Chairmen Gonzalez and Merritt, members, thank you for this opportunity to
testify on behalf of the Texas Border Coalition on controlling drug-related crimes
and other violence along the Texas-Mexico border.

The Texas Border Coalition is made up of elected and business leaders who
strive to speak on behalf of 2.1 million Americans in 17 border counties of the
1,250-mile Texas-Mexico border. Ours is a region of contrasts, exhibiting
differences and similarities of language, culture, tradition, and economy. The
multi-national, multi-cultural nature of our communities on both sides of the
international boundary gives our region a distinct sense of place.

Our blending of cultures is unique. The Texas-Mexico border played a central
role in shaping the history of our continent. Two civil wars occurred
simultaneously here and created such cross-cultural alliances and enmities that
we could spend days rediscovering them. I won’t go that far back in time.

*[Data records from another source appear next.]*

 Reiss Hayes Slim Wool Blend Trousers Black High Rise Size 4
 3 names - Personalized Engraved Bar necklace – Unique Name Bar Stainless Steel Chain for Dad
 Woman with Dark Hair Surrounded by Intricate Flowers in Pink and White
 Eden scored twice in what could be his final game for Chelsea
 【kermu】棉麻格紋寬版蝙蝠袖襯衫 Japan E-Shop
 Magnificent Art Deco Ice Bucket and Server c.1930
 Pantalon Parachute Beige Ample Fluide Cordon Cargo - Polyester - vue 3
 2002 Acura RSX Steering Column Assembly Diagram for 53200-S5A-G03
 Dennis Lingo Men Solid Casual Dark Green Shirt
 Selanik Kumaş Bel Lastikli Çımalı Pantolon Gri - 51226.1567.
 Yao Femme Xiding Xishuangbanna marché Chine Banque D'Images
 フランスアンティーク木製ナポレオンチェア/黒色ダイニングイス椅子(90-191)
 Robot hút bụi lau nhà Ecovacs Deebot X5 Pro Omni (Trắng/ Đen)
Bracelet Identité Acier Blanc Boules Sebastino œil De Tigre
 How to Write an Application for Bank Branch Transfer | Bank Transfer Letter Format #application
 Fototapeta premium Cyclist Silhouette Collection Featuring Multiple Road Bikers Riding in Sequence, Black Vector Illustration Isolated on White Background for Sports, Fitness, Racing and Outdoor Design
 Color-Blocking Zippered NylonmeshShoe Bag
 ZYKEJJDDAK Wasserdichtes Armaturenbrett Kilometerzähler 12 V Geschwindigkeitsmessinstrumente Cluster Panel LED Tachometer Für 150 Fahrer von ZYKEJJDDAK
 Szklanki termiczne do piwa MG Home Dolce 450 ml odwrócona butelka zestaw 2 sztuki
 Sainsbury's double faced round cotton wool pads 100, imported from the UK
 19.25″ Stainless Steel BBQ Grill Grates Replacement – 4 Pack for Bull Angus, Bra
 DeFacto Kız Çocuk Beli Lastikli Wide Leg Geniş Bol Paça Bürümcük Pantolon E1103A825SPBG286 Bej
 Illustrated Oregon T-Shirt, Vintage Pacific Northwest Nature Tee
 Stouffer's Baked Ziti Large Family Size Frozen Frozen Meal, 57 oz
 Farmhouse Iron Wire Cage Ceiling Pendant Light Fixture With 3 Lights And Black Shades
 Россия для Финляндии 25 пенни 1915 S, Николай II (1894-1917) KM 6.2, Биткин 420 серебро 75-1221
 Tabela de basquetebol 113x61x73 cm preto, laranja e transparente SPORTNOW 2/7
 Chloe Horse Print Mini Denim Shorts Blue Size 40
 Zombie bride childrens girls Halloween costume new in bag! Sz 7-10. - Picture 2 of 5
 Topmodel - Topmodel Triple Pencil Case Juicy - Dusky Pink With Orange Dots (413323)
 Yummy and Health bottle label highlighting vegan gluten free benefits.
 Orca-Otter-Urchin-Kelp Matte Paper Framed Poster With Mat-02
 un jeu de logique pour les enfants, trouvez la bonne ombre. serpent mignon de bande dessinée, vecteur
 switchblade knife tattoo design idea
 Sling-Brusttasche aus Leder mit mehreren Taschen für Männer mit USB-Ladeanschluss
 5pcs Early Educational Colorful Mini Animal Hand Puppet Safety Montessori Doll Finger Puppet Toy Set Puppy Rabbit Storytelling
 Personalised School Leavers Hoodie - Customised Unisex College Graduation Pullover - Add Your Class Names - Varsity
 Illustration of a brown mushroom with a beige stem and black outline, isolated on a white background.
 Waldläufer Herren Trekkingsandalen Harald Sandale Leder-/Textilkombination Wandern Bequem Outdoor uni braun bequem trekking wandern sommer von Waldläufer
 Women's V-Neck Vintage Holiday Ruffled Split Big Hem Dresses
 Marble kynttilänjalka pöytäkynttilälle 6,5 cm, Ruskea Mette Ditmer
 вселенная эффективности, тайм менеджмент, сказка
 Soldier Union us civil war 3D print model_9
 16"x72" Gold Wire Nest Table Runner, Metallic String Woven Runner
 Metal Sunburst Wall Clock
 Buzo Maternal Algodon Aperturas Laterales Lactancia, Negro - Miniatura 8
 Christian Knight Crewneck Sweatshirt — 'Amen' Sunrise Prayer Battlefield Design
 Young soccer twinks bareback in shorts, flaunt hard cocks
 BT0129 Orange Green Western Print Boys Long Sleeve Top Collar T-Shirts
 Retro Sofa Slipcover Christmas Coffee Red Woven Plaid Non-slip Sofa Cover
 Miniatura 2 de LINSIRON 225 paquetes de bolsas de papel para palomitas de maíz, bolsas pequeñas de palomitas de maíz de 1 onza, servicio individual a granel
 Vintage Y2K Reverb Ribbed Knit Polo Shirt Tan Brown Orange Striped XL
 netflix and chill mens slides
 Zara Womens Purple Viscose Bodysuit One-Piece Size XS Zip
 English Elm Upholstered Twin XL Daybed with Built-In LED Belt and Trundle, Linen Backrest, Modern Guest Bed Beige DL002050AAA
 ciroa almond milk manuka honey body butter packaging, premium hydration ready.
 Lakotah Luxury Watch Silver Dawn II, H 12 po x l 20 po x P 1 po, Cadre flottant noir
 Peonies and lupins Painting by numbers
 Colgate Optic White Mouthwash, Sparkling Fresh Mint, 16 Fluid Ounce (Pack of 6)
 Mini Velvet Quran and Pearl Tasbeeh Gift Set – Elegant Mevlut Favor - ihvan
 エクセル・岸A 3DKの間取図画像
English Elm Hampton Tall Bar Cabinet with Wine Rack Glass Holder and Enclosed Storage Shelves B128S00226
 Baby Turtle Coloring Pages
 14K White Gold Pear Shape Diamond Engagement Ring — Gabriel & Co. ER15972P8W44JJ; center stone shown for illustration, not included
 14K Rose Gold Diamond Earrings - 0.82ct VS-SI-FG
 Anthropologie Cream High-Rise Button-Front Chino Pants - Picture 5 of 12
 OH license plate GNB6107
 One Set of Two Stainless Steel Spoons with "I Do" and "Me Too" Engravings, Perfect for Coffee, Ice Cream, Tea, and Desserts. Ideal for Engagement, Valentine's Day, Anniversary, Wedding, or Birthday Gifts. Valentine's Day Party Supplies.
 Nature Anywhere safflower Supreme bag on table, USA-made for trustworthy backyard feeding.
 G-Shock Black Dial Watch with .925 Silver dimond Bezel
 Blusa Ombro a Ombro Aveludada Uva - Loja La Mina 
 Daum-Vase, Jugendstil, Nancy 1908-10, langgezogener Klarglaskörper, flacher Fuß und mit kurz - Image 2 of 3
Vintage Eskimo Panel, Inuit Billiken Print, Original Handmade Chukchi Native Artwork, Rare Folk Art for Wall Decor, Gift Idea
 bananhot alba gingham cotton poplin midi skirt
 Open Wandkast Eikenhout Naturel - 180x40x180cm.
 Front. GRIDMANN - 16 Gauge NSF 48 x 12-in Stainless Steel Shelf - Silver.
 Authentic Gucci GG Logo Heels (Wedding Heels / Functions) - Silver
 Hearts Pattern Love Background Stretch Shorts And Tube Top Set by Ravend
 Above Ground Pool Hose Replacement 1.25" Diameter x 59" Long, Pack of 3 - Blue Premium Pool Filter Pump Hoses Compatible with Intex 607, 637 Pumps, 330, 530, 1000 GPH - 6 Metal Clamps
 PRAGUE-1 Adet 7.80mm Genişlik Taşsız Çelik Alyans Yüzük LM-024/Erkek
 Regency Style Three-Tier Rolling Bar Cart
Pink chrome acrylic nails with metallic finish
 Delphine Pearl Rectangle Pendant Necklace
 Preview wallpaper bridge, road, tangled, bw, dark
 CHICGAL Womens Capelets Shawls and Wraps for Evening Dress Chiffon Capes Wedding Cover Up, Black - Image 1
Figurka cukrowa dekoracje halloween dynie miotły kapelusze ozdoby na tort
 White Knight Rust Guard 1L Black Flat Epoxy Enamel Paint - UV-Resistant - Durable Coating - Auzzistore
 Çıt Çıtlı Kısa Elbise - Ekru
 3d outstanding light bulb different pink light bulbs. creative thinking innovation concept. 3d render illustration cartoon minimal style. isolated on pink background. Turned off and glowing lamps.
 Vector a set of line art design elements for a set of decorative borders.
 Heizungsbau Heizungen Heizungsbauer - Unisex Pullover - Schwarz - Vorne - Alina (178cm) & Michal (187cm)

I want to look back two decades to determine what is working and what is not,
in order to sharpen our focus moving forward. Nearly two decades ago, the
United States Government decided to crush the drug cartels in Columbia. Over
many years of effort, we were successful. Drug operations moved north into
Mexico, closer to retail markets in the United States. Also about two decades
ago, the Clinton Administration began a fortification of the U.S.-Mexico border
aimed at stemming illegal entry, including a 500 percent increase in Border
Patrol equipped with improved mobility, communications and technology. That
effort has also been largely successful; our studies show that in the expanses
between the land ports of entry, the Border Patrol intercepts 7 out of 10 attempts
to illegally cross the border.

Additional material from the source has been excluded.